# Your objective
A complete, unaltered copy of the listing is needed. Write it out.

# Excerpted data

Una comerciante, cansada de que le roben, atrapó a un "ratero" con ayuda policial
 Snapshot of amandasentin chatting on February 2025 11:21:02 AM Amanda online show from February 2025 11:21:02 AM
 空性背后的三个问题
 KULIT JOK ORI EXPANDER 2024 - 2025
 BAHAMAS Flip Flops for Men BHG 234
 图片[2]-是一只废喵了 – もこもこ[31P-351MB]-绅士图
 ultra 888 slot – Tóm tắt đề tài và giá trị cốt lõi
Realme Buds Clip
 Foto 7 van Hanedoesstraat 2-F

# Response
Una comerciante, cansada de que le roben, atrapó a un "ratero" con ayuda policial
 Snapshot of amandasentin chatting on February 2025 11:21:02 AM Amanda online show from February 2025 11:21:02 AM
 空性背后的三个问题
 KULIT JOK ORI EXPANDER 2024 - 2025
 BAHAMAS Flip Flops for Men BHG 234
 图片[2]-是一只废喵了 – もこもこ[31P-351MB]-绅士图
 ultra 888 slot – Tóm tắt đề tài và giá trị cốt lõi
Realme Buds Clip
 Foto 7 van Hanedoesstraat 2-F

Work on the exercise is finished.